Omar El Akkad describes an America that has been torn apart by civil war. In the south, refugee camps become permanent homes for those displaced by bombs, violence and the changing, inhospitable landscape. Efforts on both sides to reduce tension generally end in failure. Young people grow up and are recruited into increasingly radical militant groups, determined to defend their home against all the odds.

Sarat is one of those young people. Faced with poverty, displacement and loss from an early age, she is drawn into playing an important role in the resistance. As readers, we’re powerless to do anything but watch as she is shaped by the world around her into an instrument of war. As she becomes more and more immersed in this world, the consequences have a huge impact on her personally.

Sarat isn’t a character that is particularly likeable or sympathetic, and there were many occasions when I disagreed with her actions, but her motivations were clear to see. Her family is torn apart, and all she’s left with is a desire for revenge and a powerful sense of cultural identity created by a group of Southern states desperate to break away from their perceived oppressors in the North.

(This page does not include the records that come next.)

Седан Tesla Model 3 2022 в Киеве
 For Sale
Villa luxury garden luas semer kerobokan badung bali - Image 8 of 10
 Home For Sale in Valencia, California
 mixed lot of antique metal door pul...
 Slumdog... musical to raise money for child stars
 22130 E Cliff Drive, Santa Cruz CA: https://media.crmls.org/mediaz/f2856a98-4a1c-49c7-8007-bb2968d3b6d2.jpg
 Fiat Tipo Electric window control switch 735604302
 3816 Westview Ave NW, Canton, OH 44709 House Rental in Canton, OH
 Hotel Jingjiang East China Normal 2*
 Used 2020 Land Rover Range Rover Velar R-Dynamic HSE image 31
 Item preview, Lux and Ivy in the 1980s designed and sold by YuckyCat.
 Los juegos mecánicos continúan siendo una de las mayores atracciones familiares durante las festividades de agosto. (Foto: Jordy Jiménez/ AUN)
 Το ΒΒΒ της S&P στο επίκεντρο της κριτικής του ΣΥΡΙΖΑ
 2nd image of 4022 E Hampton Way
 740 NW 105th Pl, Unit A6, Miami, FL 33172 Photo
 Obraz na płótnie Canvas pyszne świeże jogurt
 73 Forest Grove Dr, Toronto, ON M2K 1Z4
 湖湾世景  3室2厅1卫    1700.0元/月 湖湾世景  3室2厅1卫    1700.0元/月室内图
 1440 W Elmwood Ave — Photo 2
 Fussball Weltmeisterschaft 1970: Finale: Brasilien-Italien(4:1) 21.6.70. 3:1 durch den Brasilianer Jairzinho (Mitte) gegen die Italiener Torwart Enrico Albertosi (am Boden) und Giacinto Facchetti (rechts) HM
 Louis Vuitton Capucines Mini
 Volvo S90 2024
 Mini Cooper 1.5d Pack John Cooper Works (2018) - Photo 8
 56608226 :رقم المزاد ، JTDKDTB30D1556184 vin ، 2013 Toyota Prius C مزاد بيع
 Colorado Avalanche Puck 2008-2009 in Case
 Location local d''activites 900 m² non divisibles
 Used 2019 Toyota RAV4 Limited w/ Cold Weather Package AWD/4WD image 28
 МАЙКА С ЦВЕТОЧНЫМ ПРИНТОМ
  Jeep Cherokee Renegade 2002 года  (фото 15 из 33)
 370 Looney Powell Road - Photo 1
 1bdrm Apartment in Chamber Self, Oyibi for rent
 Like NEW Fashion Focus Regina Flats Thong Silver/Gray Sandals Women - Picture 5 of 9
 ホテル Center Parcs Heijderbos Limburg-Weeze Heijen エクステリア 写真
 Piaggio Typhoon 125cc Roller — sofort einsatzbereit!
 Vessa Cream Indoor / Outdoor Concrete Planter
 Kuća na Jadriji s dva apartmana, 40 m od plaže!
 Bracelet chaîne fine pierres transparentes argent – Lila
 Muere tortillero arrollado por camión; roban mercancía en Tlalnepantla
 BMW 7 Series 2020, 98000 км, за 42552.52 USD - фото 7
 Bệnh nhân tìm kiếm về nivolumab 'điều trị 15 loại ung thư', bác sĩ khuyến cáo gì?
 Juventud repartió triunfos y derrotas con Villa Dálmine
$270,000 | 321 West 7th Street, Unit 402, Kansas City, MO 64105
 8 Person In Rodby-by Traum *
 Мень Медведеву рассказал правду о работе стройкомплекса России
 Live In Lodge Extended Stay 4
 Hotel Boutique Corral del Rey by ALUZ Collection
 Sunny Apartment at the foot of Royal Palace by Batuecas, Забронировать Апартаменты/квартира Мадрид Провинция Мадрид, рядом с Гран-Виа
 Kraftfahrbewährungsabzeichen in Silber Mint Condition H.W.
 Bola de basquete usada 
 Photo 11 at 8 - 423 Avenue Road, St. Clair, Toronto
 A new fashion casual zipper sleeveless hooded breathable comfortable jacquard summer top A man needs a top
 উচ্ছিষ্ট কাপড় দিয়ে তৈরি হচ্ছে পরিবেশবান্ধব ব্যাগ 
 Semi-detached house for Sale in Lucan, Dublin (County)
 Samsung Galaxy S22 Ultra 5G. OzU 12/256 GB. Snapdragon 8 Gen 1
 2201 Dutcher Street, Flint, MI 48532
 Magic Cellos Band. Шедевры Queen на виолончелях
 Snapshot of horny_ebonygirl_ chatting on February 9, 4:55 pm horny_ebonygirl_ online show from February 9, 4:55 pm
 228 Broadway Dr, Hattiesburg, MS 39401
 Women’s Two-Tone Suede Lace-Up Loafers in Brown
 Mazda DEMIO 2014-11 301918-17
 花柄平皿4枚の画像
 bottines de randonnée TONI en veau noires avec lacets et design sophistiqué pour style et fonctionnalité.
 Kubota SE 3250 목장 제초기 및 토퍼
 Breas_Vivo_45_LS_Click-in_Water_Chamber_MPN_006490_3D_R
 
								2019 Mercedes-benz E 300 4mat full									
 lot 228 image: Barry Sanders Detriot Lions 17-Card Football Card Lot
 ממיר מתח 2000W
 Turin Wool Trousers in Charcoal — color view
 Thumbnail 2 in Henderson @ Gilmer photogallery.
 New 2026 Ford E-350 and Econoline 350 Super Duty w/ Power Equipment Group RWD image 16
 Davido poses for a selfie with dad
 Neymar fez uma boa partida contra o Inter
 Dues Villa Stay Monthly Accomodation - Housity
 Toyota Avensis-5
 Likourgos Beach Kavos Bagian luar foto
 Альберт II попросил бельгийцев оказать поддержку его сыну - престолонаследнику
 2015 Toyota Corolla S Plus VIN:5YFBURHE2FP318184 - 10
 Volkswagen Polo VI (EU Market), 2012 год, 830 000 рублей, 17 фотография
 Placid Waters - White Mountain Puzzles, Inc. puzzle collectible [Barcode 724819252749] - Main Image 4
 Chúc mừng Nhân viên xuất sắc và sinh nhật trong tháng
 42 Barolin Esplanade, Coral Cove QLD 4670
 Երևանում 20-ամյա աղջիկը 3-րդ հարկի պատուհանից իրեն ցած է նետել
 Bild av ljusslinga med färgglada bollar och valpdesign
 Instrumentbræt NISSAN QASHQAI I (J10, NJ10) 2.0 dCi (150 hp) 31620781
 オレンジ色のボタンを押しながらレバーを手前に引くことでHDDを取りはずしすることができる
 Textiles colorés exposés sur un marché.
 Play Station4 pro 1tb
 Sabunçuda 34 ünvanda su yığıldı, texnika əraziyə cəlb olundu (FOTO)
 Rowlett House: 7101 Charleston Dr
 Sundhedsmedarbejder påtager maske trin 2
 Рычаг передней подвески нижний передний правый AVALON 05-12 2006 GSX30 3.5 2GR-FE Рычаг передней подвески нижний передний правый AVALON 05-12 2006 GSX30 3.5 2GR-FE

There are some very clear parallels drawn with examples of war and violence that we see in the world around us today. The American war is portrayed as an endless cycle of self-perpetuating violence, driven by a group of people wanting to be separate from their parent state, the misuse of authority and a vicious cycle of retribution and hatred.

In conclusion…

This is the type of science fiction I like best. It imagines a future which is entirely possible, especially given the tensions in the current political climate. This makes the scenes that play out in American War even more terrifying. It raises both questions and stark warnings that remained with me long after I finished the book and that still sometimes flash into my head when I read the news. Overall, I thought it was really well written and I wouldn’t hesitate to recommend it.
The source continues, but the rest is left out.